- Opening Delimiter -
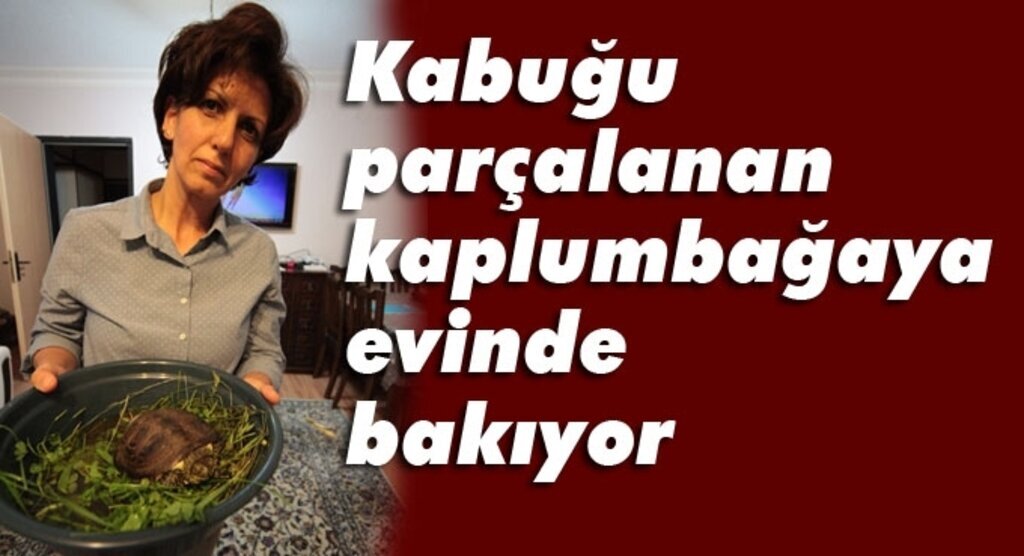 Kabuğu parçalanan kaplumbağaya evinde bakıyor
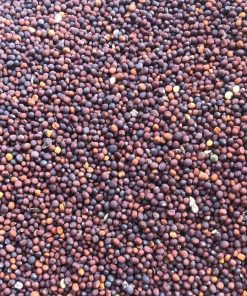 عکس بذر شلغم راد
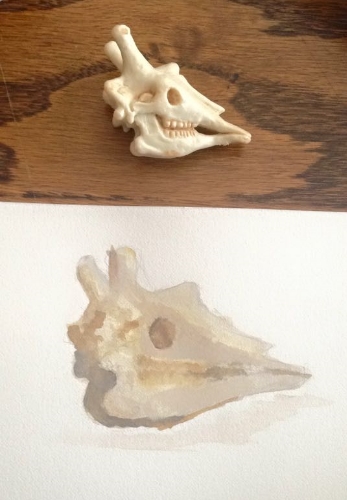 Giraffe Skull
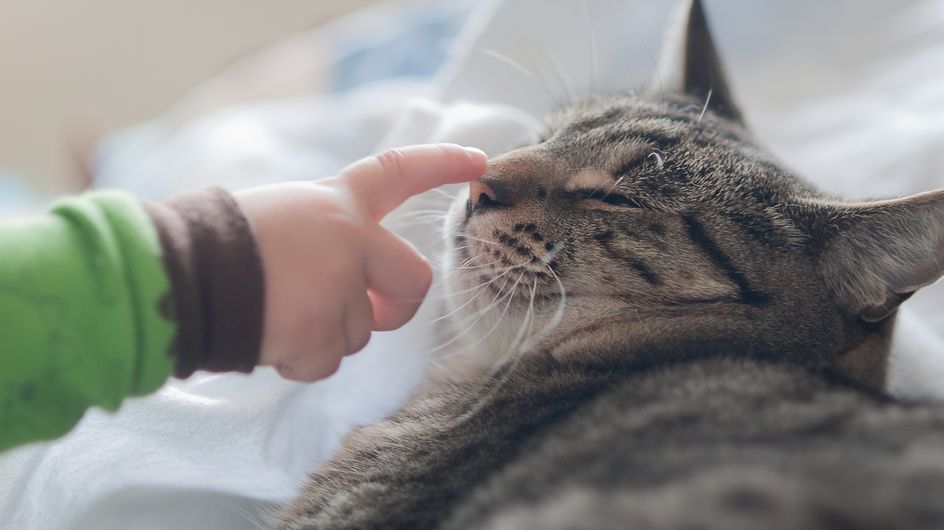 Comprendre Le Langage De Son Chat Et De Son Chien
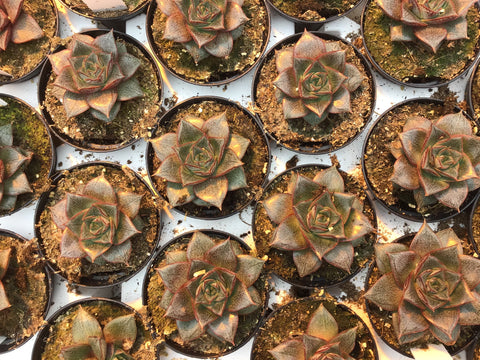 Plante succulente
- Closing Delimiter -
=== What is required ===
Copy out the lines exactly as written, beginning with the one that contains "عکس بذر شلغم راد" and ending with the last line of the material; do not include pictures.

=== Answer for the task ===
 عکس بذر شلغم راد
 Giraffe Skull
 Comprendre Le Langage De Son Chat Et De Son Chien
 Plante succulente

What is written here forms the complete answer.